The ConfidenceMasking script applies masks for shadow, haze, cloud, and confidence layers to 8-band PlanetScope satellite images. Parameters are set in the config.json under the "confidence_masking" section.

Parameter	Type	Description	Default / Example
input_folder	string	Path to the folder containing input satellite images. Each 8-band PlanetScope image (*_AnalyticMS_SR_8b_clip.tif) must have a corresponding mask file (*_udm2_clip.tif) in the same folder.	"InputFolder"
output_folder	string	Path to the folder where masked images will be saved. If not provided, a Masked folder is created inside input_folder.	"Masked"
apply_shadow	boolean	If true, the shadow mask (band 3 of the UDM2 file) is applied to exclude shadowed pixels.	true
apply_haze	boolean	If true, the haze mask (band 5 of the UDM2 file) is applied to exclude hazy pixels.	true
apply_cloud	boolean	If true, the cloud mask (band 6 of the UDM2 file) is applied to exclude cloud-covered pixels.	true
confidence_threshold	int	Threshold for the confidence layer (band 7 of the UDM2 file). Pixels with confidence below this value are masked. Valid range: 0–100.	90

Notes:

• Each input image (*_AnalyticMS_SR_8b_clip.tif) must have a corresponding mask (*_udm2_clip.tif) in the same folder. The script pairs them automatically.
• Masks are combined using logical OR, so any pixel flagged by shadow, haze, cloud, or confidence threshold is excluded.
• Masked pixels are set to 0 in all bands of the output image.
• Output filenames are automatically suffixed with _masked.tif.

Parameters Explained — Coregistration

The Coregistration script aligns masked PlanetScope images to a high-resolution SwissImage reference. Parameters are set in the config.json under the "coregistration" section.

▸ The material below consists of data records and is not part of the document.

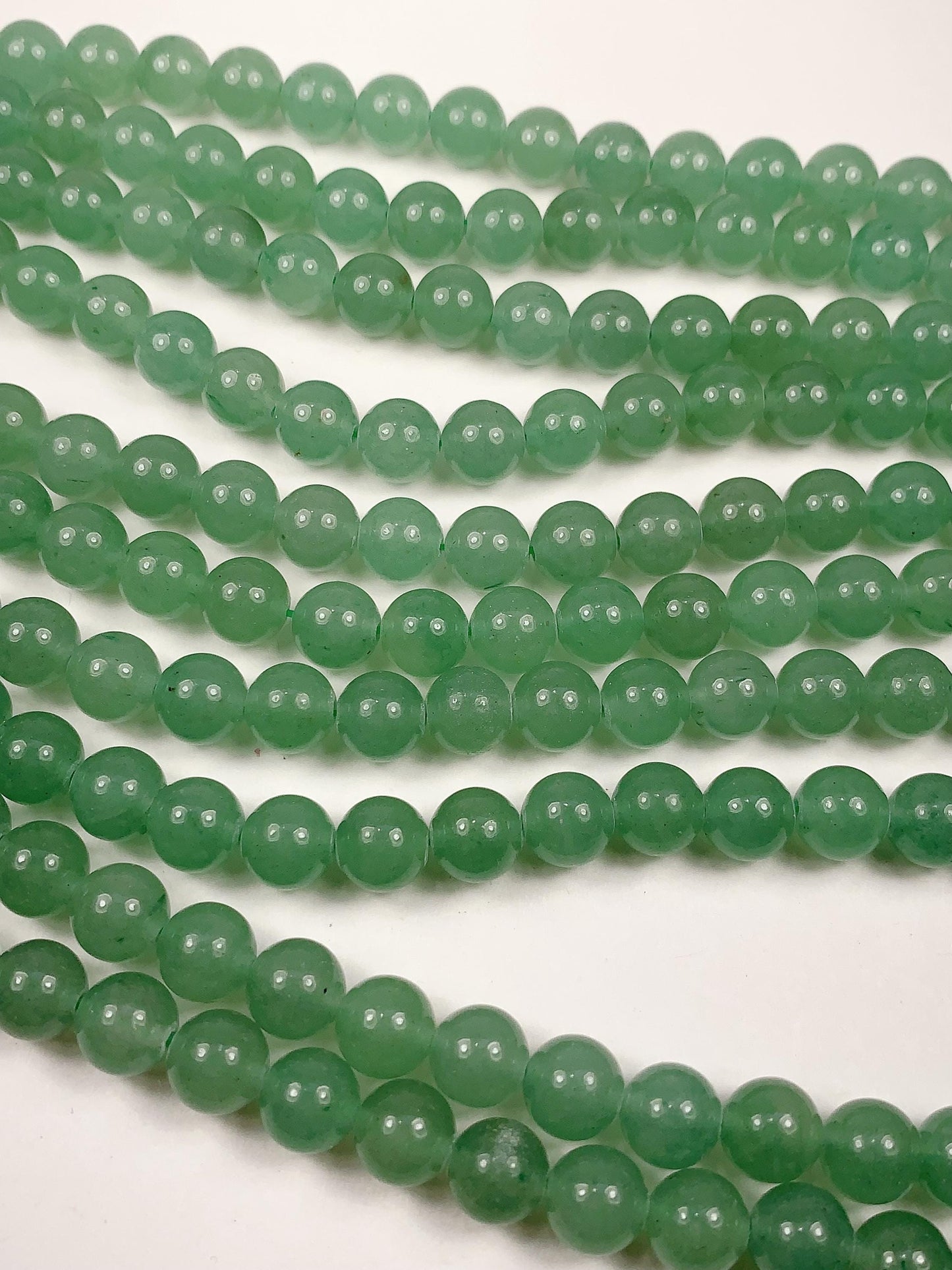 Green Aventurine Quartz Beads: Natural Smooth Round Gemstone, 15.5" Strand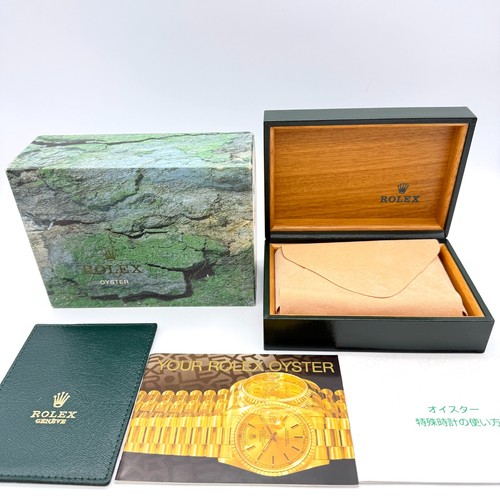 Rolex box 2 - 68.00.2, submariner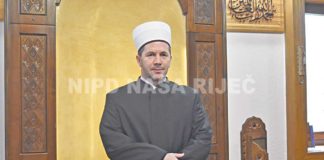 Muslimani u nedjelju, 16. juna, odnosno 10. zu-l-hidždžeta, 1443. h. g., dočekuju Kurban-bajram. O značaju Kurban-bajrama i bajramskim običajima razgovarali smo sa hfz. Fahirom ef. Arnautom, imamom džemata Potok. Značaj prinošenja kurbana NR: U čemu je posebnost Kurban-bajrama te koju poruku vjernicima donosi, posebno danas kada živimo u vremenu velikih političkih previranja i ratnih sukoba u pojedinim dijelovima svijeta? ARNAUT: Kod nas se ugnijezdio izraz Kurban ili Hadžijski bajram, mada češće koristimo prvi. Iako su obje riječi, kurban i hadž, arapskog porijekla, mi dobro razumijemo o čemu govore. Glavna poruka koju nosi sa sobom Kurban ili Hadžijski bajram jeste da, ako želimo biti Bogu bliski, moramo se žrtvovati. Ima vjernika koji misle, da samo zato što su vjernici, Bog je njima dužan pružiti sve što žele. A nije tako! Biti istinski vjernik, znači biti spreman na žrtvu, na kontinuirani rad, ulagati veliki trud na oplemenjivanju sebe, svoje duše, svoje porodice, ali znači i boriti se za zajednicu u kojoj će svima biti dobro. Sukobe imamo, jer neki žele da samo njima bude dobro, i ne mare za cijenu te sreće. Kurban-bajram nas uči da sreću s drugima dijeliti moramo. A, ako krenemo i od drugog naziva, Hadžijski bajram, zar treba jasnija slika od hadža, da nam kaže kako smo svi, bez obzira na rasu, jezik, boju kože, potekli sa istog izvora. Upravo na hadžu, nekoliko mjeseci pred svoju smrt, Poslanik a.s., kazuje: „O, ljudi, vaš Gospodar je jedan, vaš otac je jedan. Nema prednosti Arap nad nearapom, niti nearap nad Arapom, niti crveni nad crnim, niti crni nad crvenim, osim po bogobojaznosti (takvaluku)”. Sa ovom porukom istinski vjernik živi. NR: Značaj prinošenja žrtve kroz klanje kurbana bitno je za svakog muslimana. U čemu se ogleda najveća dobrobit ovakvog čina? Recite nam nešto više i o uplatama kurbana u BiH ali i van granica naše zemlje. ARNAUT: Riječ kurban u osnovi nosi značenje blizine, bliskosti. Kurbanom – žrtvom mi postajemo bliski ne samo Bogu, nego i jedni drugima. Kurbane iako prinosimo u ime Njega, veliku korist od njih imaju ljudi, pa možemo kazati, da smo Bogu bliži što smo ljudima korisniji. Muhammed a.s., je lijepo kazao: „Najbolji čovjek je onaj, ko ljudima najviše koristi.“ Džematlijama kazujem da, ko god ima uslove, organizuje prinošenje kurbana u krugu svoje porodice, rodbine i prijatelja. To je najbliže sunnetu – praksi Poslanika a.s. Obzirom da mnogo naših džematlija živi u gradovima, već više od pedeset godina IZ-a, preko Medžlisa i medresa, stavlja se na raspolaganje i organizuje na potpuno šerijatski ispravan način prinošenje kurbana, kao i distribuciju mesa onim najpotrebnijim. Korist imaju ne samo naše medrese, nego se velike količine mesa doniraju staračkim domovima, domovima za nezbrinutu djecu, bolnicama, obdaništima i dr.. Kada su u pitanju uplate izvan naše zemlje, moja je preporuka da oni koji žele i mogu, tamo uplate dobrovoljni kurban. Ovaj obavezni neka se prinese ovdje. Hvala Bogu, IZ-a ima kapaciteta da organizuje distribuciju kurbanskog mesa i izvan zemlje, ako se za to ukaže potreba. Napuštanje starih običaja NR: Imam ste u Osman Čelebijinoj ili, u narodu poznatoj, Potočkoj džamiji od 2012. godine. Kakva iskustva nosite do sada te da li ste zadovoljni aktivnošću omladine u džematu Potok, radom mekteba ali i odzivom djece? ARNAUT: Da, i krajem ove godine će biti punih 12 godina kako vršim časnu misiju imama, hatiba i muallima u džematu Potok. Uvijek može i treba bolje. Prilično sam zadovoljan, jer sam kao muallim izveo već 11 generacija. Mnogo je to mladića i djevojaka, od kojih neki već rade, neki studiraju, a neki su i porodice zasnovali. Svaku generaciju poučavam, bez obzira koji posao da rade, u životu je najvažnije biti čovjek. Jako se obradujem kad ih vidim lijepo odgojene, uspješne i uz to privržene džamiji i džematu. Imamo povremena druženja, a grupa mladića i djevojaka našega džemata, postala je prepoznatljiva po učešću u projektima koje organizira IZ-a. Kada je u pitanju mekteb, činjenica da su upisana 204 polaznika i da je njih 185 učestvovalo, prije nekoliko dana, na završnim ispitima, u novoizgrađenom Islamskom centru Sultan Ahmet, uz prisustvo nekoliko stotina roditelja i rodbine, kazuje dovoljno. Volio bih da su redovniji, pa da uz kvantitet, imamo izuzetan i kvalitet. Primjetno je poboljšanje i na tom planu, iz godine u godinu, mada su moje želje mnogo veće. NR: U kakvom ozračju džemat Potok dočekuje Bajram? Jesmo li se udaljili od tradicionalnih bajramskih običaja koje su muslimani na području Medžlisa Islamske zajednice Zenica praktikovali? ARNAUT: Nedavno pročitah izreku „da su nam mobiteli približili one ljude koji su daleko, a udaljili od onih koji su blizu.“ Jedna sevdalinka još davno kazuje „ni bajrami nisu, što su nekad bili…” Razumijem da svako vrijeme donosi i nešto novo, ali me žalosti kada napuštamo naše stare običaje, preko kojih smo vjeru svjedočili i naše odnose poboljšavali. Mislim da smo mi, muslimani Bošnjaci, imali i imamo ulemu, koja ajete i hadise zna, ne samo tumačiti, nego kroz lijepe običaje u život pretočiti. Odijevanje najljepše odjeće, rani dolazak u džamiju, međusobno čestitanje, ljubljenje ruke roditeljima i starijim muslimanima, međusobno darivanje, zajednički bajramski doručak ili ručak, naši su adeti koji imaju temelj u vjeri. Preko tih običaja, naše veze bile su čvršće. Danas toliko govorimo o Kur'anu i sunnetu, ali svjedočimo da nam fali istinske pobožnosti i međusobnog povjerenja. Volio bih da nastavimo čuvati adete, koji nam čuvaju ibadete. (Razgovarala: Irdina Nezić)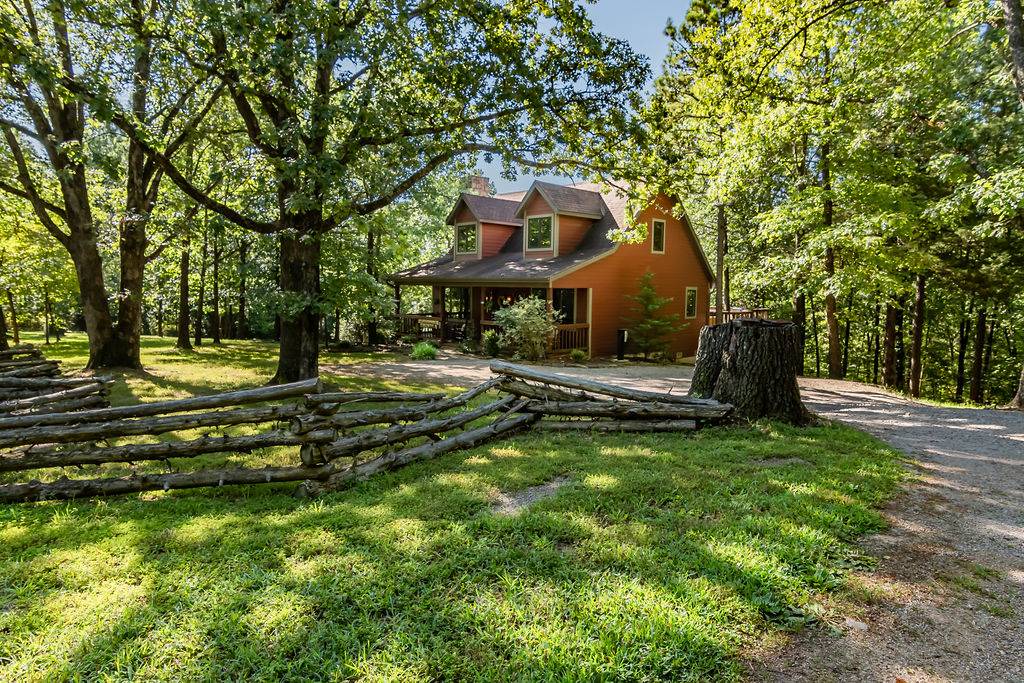 Blue Eye Cottage | 135 m² Cabin ∙ 2 bedrooms ∙ 6 guests
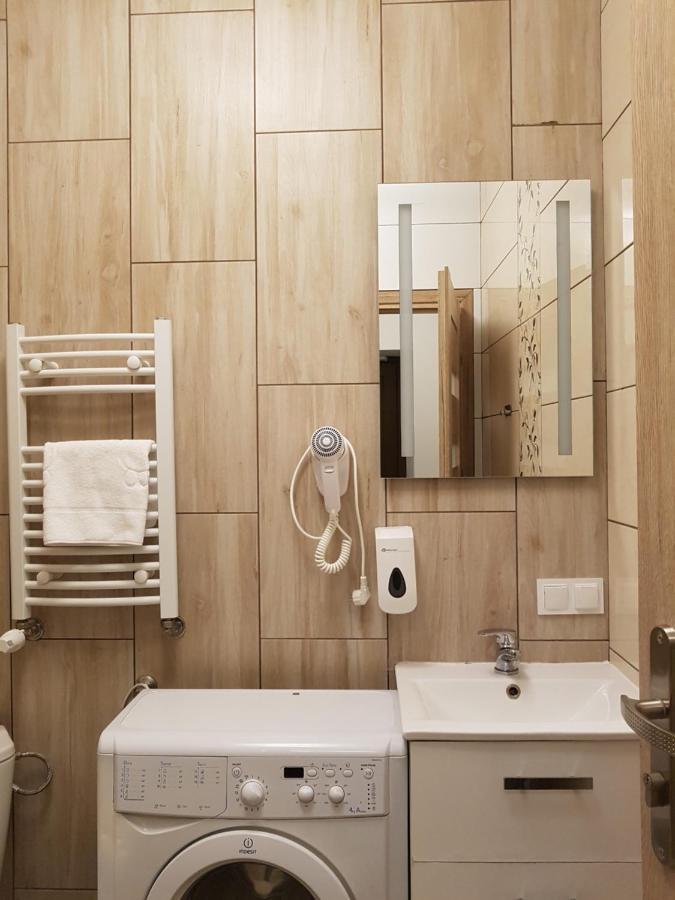 Hostel Mleczna - Metro Zacisze Warsaw Ngoại thất bức ảnh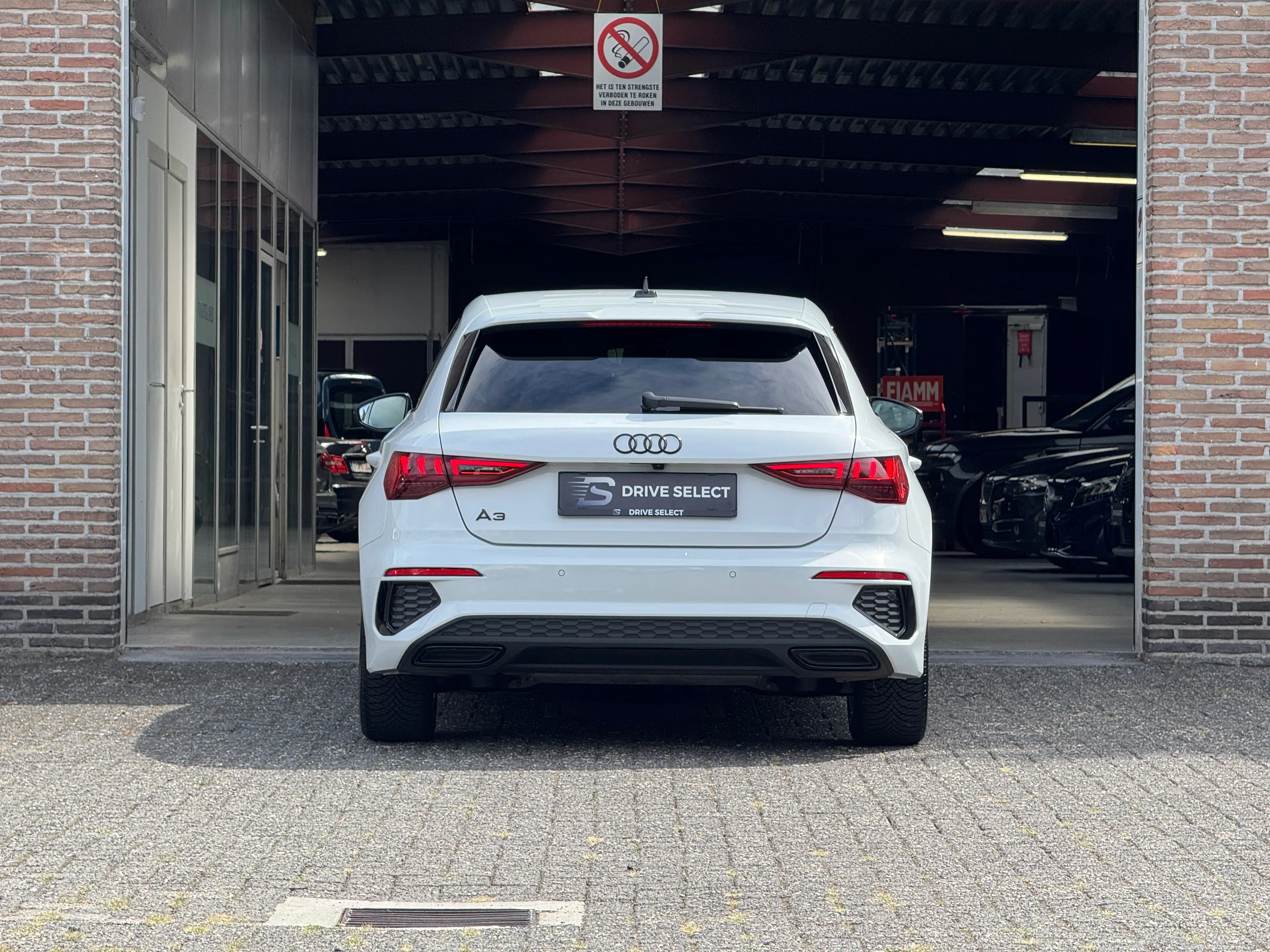 Audi A3 Sportback 35 TFSI S-line | Black optic | LED | Camera | Ambient | CarPlay — photo 5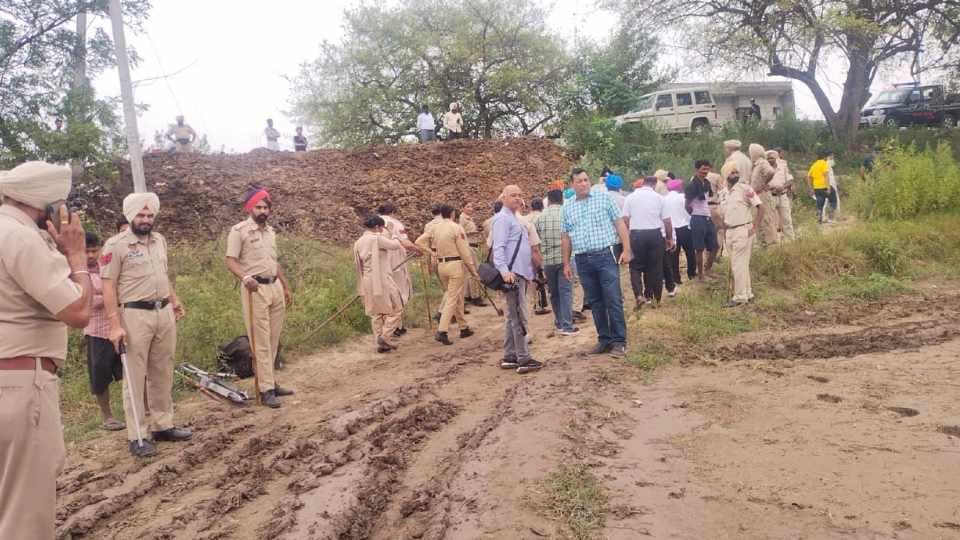 Farmers ran away officials team who went to release encroachment in Kapurthala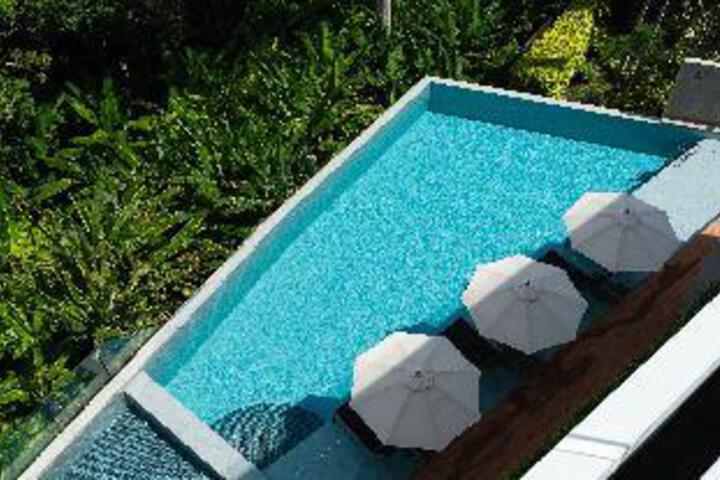 Pool 10 of 13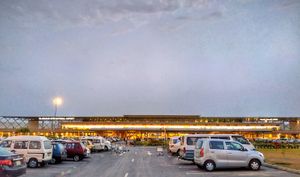 이슬라마바드 국제공항의 주차장 구역에서 본 모습.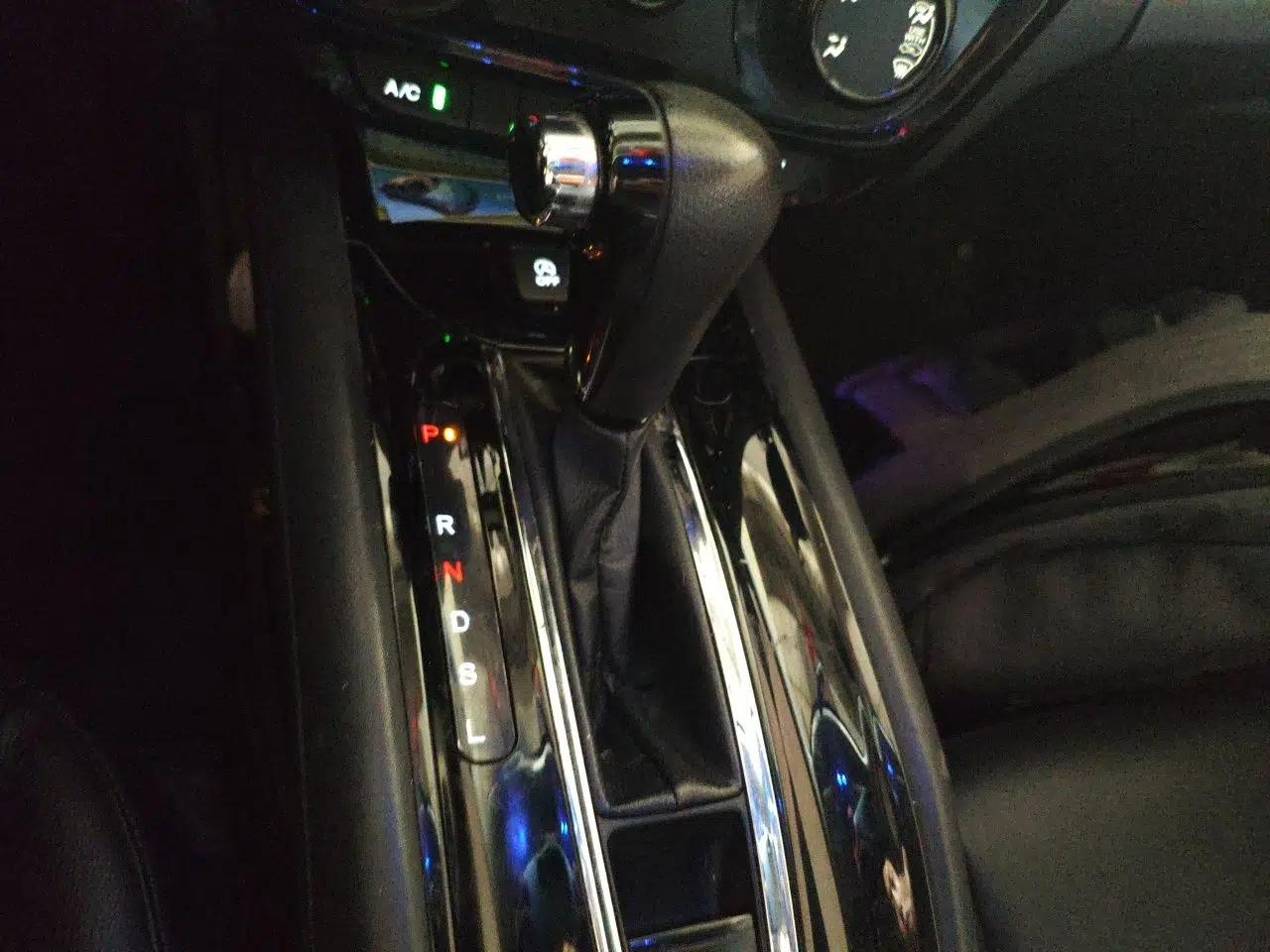 Honda Vezel 2020 1.5L CVT Pioneer Edition — миниатюра 14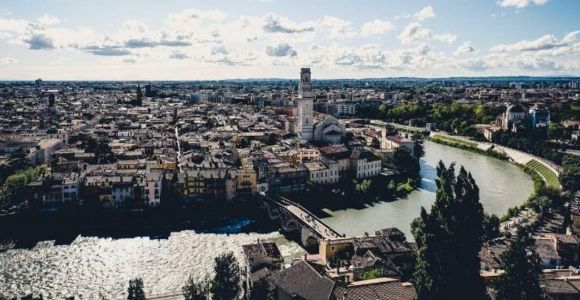 Verona: Tour privado personalizado con guía local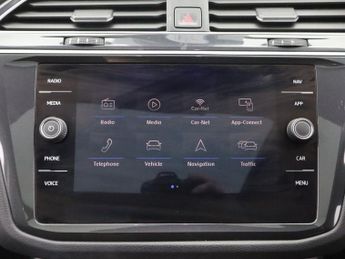 VOLKSWAGEN TIGUAN 2.0 TDI SEL SUV 5dr Diesel Manual Euro 6 (s/s) (150 ps)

Parameter	Type	Description	Default / Example
input_folder	string	Path to the folder containing masked PlanetScope images (*.tif). These are the images to be coregistered.	"InputFolder/Masked"
swissimage_folder	string	Path to the folder containing SwissImage(10cm) Zarr reference files. Only tiles intersecting the PlanetScope images are used.	"SwissImageFolder"
output_folder	string	Path to save coregistered GeoTIFF files. If not provided, a CoregFolder inside input_folder is created.	"CoregFolder"
crs	int	EPSG code for the output GeoTIFFs. Determines the coordinate reference system of the saved images.	32632

Notes:

• Input masked images are loaded as an xarray dataset and paired with the corresponding reference SwissImage tiles for alignment.
• The script automatically selects the SwissImage tiles that intersect the extent of each PlanetScope image.
• Coregistration is performed using the AROSICS package, aligning the PlanetScope images to the reference.
• Output filenames are automatically suffixed with _coreg.tif.

Parameters Explained — ELC (Empirical Line Correction)

The ELC script calculates bandwise correction factors using PITs (Pseudo Invariant Targets) and applies them to PlanetScope images. Parameters are set in the config.json under the "ELC" section.

Parameter	Type	Description	Example
pit_folder	string	Folder containing PIT KML files defining reference areas for correction.	"PITFolder"
input_folder	string	Folder containing satellite images to be corrected (e.g., masked/coregistered GeoTIFFs).	"SatelliteImagesFolder"
output_folder	string	Folder to save all output reports, corrected GeoTIFFs, and plots. A subfolder named <site>_ELC is automatically created.	"OutputFolderELC"
plots_folder	string	Folder to save summary plots of correction factors, mean band values, and differences to mean corrections.	"ELCPlotsFolder"

Notes:

• The workflow extracts raster data for each PIT polygon, calculates mean values per band, computes baseline means across the timeseries, and derives correction factors.
• PIT-specific and file-based filters ensure valid data is used (e.g., excluding files with missing or nodata values).
• Reports include per-band mean, baseline mean, and correction factor for each image and PIT.
• Output plots include:
  • Mean values per band across PITs
  • Band-specific correction factors
  • Difference to mean correction factors
• Corrected TIF files are saved in the output_folder with _ELC.tif suffix.
• Only bands with at least 2 valid PITs per timestamp are corrected to ensure reliability.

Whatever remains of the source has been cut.